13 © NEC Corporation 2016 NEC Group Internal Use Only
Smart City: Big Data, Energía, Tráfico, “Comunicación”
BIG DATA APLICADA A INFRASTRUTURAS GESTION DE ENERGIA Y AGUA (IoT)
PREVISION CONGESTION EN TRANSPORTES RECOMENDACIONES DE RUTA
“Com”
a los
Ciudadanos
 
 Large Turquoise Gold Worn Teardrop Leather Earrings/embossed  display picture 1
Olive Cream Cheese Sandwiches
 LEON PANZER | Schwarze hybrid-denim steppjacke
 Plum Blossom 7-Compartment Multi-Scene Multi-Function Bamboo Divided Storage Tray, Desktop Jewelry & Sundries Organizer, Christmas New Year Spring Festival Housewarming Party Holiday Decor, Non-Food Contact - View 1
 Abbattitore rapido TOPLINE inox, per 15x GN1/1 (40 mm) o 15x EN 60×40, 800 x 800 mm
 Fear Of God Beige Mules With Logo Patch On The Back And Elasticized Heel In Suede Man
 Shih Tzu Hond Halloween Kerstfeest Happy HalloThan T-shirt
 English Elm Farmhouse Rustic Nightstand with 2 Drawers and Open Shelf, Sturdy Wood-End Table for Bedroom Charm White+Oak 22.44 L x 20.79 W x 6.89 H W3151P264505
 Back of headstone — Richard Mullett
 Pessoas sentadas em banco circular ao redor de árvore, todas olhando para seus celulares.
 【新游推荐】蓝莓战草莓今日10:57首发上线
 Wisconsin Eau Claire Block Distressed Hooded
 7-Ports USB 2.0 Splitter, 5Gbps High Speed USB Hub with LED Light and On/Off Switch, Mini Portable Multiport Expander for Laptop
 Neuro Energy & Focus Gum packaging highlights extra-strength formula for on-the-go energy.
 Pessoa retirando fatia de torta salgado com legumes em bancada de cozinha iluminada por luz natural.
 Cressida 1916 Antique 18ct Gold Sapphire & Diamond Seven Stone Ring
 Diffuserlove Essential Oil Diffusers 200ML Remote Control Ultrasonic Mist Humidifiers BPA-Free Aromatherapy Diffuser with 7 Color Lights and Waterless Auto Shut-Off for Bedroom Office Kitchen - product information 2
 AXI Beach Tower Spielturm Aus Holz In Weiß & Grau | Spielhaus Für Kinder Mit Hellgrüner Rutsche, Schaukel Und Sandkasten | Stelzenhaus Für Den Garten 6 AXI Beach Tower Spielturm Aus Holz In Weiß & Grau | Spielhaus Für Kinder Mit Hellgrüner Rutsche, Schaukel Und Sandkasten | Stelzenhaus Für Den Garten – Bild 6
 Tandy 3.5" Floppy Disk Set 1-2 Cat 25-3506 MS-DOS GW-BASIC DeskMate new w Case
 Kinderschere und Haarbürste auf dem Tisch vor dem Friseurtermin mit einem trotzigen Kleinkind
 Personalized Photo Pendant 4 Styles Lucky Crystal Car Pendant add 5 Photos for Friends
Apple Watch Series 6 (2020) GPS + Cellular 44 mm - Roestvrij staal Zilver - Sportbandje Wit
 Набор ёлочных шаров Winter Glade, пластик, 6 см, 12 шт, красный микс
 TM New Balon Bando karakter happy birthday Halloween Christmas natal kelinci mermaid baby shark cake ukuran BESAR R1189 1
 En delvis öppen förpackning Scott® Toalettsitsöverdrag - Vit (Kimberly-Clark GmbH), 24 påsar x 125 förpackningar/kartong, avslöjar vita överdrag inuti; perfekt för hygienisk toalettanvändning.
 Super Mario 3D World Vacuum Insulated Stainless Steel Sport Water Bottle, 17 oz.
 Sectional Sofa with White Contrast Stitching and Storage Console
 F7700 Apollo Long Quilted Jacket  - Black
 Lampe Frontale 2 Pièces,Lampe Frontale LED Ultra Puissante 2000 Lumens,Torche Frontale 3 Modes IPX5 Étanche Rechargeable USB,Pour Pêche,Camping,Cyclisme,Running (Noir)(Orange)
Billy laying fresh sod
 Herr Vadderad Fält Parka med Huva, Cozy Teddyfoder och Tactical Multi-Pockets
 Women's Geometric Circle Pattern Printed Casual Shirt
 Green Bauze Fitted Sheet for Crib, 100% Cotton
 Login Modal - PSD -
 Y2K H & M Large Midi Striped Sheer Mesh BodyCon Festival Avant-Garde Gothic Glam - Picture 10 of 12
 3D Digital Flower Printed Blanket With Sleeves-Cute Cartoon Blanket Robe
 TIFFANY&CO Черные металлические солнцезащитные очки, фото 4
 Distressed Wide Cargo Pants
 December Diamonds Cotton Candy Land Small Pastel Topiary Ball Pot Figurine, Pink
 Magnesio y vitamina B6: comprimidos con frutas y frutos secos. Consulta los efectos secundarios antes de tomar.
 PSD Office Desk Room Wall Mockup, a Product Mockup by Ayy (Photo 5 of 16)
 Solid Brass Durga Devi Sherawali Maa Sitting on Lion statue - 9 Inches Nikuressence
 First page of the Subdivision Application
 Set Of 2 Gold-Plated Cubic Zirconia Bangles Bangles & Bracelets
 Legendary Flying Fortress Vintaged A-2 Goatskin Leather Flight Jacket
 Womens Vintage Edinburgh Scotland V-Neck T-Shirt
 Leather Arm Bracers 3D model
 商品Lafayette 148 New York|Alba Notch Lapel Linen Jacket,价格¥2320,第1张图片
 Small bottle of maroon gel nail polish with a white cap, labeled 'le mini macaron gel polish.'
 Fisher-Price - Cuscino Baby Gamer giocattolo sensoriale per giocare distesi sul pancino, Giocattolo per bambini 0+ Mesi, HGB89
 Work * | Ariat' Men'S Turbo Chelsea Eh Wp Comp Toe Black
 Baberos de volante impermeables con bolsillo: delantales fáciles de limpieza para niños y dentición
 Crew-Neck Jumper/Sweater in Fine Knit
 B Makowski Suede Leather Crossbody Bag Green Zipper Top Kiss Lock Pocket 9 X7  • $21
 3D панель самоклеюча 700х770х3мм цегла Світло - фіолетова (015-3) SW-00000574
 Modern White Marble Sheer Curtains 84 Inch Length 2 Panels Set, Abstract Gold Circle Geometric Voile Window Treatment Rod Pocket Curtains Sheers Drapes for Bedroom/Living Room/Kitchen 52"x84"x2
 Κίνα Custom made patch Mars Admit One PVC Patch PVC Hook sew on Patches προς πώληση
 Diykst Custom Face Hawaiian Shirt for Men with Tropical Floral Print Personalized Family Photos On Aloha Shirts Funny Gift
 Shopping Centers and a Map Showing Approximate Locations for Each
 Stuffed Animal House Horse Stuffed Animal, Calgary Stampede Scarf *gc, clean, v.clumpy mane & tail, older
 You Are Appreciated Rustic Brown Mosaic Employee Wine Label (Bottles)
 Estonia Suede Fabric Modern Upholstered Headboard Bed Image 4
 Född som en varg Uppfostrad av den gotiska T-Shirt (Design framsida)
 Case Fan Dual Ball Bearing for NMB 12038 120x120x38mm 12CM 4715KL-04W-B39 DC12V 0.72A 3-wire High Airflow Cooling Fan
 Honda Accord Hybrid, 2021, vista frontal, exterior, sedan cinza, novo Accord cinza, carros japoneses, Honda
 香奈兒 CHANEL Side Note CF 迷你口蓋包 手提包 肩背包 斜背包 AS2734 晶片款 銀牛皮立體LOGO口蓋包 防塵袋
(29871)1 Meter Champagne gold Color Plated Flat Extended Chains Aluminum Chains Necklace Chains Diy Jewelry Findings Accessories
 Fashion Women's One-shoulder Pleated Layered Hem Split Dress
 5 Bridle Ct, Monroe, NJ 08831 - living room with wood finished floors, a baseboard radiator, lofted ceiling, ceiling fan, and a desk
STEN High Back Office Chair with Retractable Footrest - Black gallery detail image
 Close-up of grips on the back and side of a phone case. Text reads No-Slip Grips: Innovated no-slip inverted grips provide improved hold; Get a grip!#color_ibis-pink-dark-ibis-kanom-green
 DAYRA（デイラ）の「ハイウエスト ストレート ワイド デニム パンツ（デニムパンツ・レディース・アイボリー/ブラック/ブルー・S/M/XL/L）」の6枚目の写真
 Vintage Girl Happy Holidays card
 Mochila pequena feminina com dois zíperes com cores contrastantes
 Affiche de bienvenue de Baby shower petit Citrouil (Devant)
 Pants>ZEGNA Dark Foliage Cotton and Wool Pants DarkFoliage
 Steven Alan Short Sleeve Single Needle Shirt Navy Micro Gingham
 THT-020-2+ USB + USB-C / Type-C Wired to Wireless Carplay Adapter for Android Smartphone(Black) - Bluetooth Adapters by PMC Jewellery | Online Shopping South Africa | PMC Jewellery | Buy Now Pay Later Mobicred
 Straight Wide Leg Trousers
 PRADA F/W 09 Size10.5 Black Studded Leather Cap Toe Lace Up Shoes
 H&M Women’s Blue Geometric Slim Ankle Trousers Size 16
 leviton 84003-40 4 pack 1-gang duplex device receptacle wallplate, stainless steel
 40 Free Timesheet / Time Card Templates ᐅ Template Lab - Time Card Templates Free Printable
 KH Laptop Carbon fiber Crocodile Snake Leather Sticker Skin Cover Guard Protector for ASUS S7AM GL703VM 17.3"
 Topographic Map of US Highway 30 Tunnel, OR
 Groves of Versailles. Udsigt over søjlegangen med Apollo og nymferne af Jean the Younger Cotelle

--------

**WHAT THIS TASK INVOLVES:**
Count each line of the entries that holds the word "Plated", then state the total and nothing more.

**RESULT FOR THIS EXERCISE:**
2